第五章:瑠璃に色づく祈りの蕾

 イハーヴ川畔かはんからラグジェ丘陵に基地が移され、十日余りが経った。基地移転による慌ただしさがようやく去り始め、新しい基地は通常時の様相に包まれるようになっていた。

 秋澄む空はどこまでも青く高い。爽涼な風は一日の始まりであるこの時間にはまだ肌寒い。この基地から見渡せる、エディタント城砦を擁するラナトメラの森は赤や黄に色づき始めている。それに合わせるかのように、リィリアたちもこの基地に移ってきてから、夏服から冬服へと軍服の装いを変えていた。

「おはよう、リィリア」

 リィリアが朝食のミルク粥を食べていると、盆を片手にシェスカがやってきて声をかけた。リィリアは匙を動かす手を止めると、軽く会釈をする。

「シェスカさん、おはようございます」

 失礼するね、とシェスカはリィリアの隣に腰を下ろすと、朝食を食べ始める。

「リィリア、この基地にはもう慣れた? イハーヴ川畔かはんのときと造りが違うから、迷ったりしない?」

「そうですね……食糧の貯蔵用のテントだと思ってたら、騎兵部隊の方たちのテントで気まずい思いをしたことはありますね……」

 あのときはうっかり彼らの着替えを覗いてしまうことになってしまい居た堪れなかった。戦場ではよくあることなのか、彼らは意に介したふうもなかったが、男性の裸体など見慣れていないリィリアからすれば非常にどぎまぎする経験だった。その話を衛生兵のイリーゼにしたら、うぶだなあと笑われたが。

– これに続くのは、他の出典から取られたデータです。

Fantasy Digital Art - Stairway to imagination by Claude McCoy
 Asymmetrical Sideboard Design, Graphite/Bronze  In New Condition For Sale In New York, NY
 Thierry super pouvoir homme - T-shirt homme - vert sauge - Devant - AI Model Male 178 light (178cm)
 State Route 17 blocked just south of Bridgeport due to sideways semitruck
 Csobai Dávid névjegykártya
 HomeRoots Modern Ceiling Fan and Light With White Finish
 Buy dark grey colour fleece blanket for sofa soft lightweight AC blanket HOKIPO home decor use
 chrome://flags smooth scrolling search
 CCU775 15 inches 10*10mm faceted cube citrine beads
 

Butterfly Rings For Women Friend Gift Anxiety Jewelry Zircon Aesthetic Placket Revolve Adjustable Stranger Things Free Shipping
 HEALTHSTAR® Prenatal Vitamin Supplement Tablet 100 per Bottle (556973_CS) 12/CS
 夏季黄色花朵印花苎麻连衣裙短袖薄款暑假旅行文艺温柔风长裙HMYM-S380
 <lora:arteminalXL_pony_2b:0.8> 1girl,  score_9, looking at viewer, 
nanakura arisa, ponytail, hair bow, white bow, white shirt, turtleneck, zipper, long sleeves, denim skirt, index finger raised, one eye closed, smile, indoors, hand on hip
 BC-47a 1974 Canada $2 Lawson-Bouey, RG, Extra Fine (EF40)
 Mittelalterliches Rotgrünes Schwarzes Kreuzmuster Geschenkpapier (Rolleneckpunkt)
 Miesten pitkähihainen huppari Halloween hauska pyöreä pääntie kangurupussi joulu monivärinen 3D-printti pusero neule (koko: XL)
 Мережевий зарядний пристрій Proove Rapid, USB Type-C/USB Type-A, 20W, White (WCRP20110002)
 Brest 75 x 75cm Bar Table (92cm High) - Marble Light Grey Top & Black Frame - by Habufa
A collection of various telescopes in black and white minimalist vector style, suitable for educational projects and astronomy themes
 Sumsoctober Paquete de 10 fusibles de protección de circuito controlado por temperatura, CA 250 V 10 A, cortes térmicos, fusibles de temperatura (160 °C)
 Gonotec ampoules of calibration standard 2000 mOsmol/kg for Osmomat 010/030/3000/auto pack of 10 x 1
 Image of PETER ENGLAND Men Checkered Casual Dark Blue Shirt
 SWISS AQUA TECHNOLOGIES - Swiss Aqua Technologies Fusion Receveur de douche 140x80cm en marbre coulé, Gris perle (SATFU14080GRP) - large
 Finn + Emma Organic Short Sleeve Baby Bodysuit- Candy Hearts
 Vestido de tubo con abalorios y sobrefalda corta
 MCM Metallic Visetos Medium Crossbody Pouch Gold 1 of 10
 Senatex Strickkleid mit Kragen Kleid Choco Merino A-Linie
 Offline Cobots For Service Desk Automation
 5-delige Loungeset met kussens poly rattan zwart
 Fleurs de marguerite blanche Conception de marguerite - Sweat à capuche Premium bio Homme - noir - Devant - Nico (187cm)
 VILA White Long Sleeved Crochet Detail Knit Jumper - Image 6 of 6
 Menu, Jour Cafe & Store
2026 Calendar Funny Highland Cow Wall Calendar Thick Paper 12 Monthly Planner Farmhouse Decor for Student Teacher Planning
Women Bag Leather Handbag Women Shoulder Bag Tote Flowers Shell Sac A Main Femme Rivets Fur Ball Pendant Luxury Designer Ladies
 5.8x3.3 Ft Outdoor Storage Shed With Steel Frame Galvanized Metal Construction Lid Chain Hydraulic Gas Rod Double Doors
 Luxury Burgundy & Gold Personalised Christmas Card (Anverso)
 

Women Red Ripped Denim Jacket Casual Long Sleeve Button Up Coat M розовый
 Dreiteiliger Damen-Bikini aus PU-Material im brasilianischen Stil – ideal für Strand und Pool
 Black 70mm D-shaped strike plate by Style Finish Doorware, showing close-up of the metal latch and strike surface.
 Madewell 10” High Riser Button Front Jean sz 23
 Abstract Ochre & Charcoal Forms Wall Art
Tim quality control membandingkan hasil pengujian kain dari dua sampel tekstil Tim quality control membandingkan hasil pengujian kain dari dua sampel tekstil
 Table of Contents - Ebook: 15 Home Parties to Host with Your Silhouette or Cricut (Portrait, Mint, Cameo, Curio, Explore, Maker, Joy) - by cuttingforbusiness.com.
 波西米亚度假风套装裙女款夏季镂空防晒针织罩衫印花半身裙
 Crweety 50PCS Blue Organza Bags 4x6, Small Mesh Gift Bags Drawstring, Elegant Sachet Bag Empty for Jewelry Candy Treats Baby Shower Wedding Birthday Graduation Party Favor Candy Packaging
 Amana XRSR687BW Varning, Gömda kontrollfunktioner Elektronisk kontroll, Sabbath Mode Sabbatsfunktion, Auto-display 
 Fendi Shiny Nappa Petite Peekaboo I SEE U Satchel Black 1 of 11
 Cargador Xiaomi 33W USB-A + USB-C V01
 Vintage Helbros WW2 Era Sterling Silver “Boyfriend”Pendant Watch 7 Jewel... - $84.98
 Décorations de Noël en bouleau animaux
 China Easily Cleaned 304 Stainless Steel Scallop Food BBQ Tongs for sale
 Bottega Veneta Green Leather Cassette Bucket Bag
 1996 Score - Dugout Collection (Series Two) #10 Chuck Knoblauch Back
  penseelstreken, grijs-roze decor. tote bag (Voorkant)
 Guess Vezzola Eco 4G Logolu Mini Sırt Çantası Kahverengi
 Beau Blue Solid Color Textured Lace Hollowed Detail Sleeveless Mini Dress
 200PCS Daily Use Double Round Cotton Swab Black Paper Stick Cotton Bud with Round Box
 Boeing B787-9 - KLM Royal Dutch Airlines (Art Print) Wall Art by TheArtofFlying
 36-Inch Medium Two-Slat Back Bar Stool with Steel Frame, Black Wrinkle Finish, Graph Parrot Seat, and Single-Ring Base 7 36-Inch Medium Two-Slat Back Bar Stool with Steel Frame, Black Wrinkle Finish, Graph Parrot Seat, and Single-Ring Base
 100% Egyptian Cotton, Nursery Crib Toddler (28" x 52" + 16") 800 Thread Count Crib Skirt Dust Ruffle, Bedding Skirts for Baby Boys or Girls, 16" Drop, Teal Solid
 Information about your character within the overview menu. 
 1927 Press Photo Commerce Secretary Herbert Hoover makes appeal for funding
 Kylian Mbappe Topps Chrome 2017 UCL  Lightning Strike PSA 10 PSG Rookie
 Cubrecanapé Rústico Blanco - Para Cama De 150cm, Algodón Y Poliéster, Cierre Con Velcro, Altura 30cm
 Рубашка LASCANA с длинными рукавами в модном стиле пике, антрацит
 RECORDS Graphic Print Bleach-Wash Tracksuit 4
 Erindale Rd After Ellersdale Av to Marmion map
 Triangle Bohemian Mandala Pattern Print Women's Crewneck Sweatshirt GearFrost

「それはそうと、シェスカさん。わたし、この後、オーウェル様を訪ねようと思うんです」

「オーウェル様のところに?」

 やる気に満ちたリィリアの様子に、シェスカは少し意外そうな顔をした。ええ、とリィリアは匙を手に頷くと、

「わたし、これまではルーヴァさんの指示に従って、実験を繰り返してるだけでした。だけど、ルーヴァさんと整理した情報を元に、この戦争を終わらせるためにできることを一緒に考えていこうって殿下と決めたんです」

「なるほどね」

 シェスカの目にはリィリアが少し眩しく見えた。彼女がこんなに前のめりな姿勢を見せるのは、着任以来初めてだとシェスカは思った。

「それにしてもすごいね。愛の力っていうのは」

 シェスカはリィリアの変化を濃厚な粥と一緒に噛み締めながらそう言った。萌黄色の目には面白がるような光が浮かんでいる。

「な、なんで、それを……」

 リィリアはたじろいだ。あのときは真夜中で、シェスカたちは眠っていたはずだ。同様のあまり、手の中からスプーンがすり抜けていった。「よっと」シェスカはスプーンが地面につく前に、片手を伸ばしてそれを難なく受け止めると、

「寧ろ、何でテントの前でロマンス小説の見本みたいなことやらかしておいて、誰にも気づかれていないと思ってたの? あたしは夜中にリィリアが起きだしたときから気づいてたし、フレーネもたぶんそう。オーウェル様といちゃついてたくだりについてはメリーゼたちだって知ってるからね」

「え、えええ、えええええええ!?」

 リィリアは手で顔を覆った。オーウェルと抱き合っていたことを、キスを交わしたことを、囁かれた言葉のすべてをシェスカたちが把握しているのかと思うと顔から火が出そうなくらい恥ずかしかった。

「ちなみにオーウェル様とリィリアが好き合ってるのは、以前にオーウェル様が怪我をされた件のころから、あたしたち女子は全員知ってたからね? それがこの前の告白騒ぎでこの師団のほぼ全員に知れ渡ったってわけ」

 いわゆる公然の秘密ってやつ、とシェスカは片目を瞑る。あまりの事実にリィリアの脳味噌は沸騰直前だった。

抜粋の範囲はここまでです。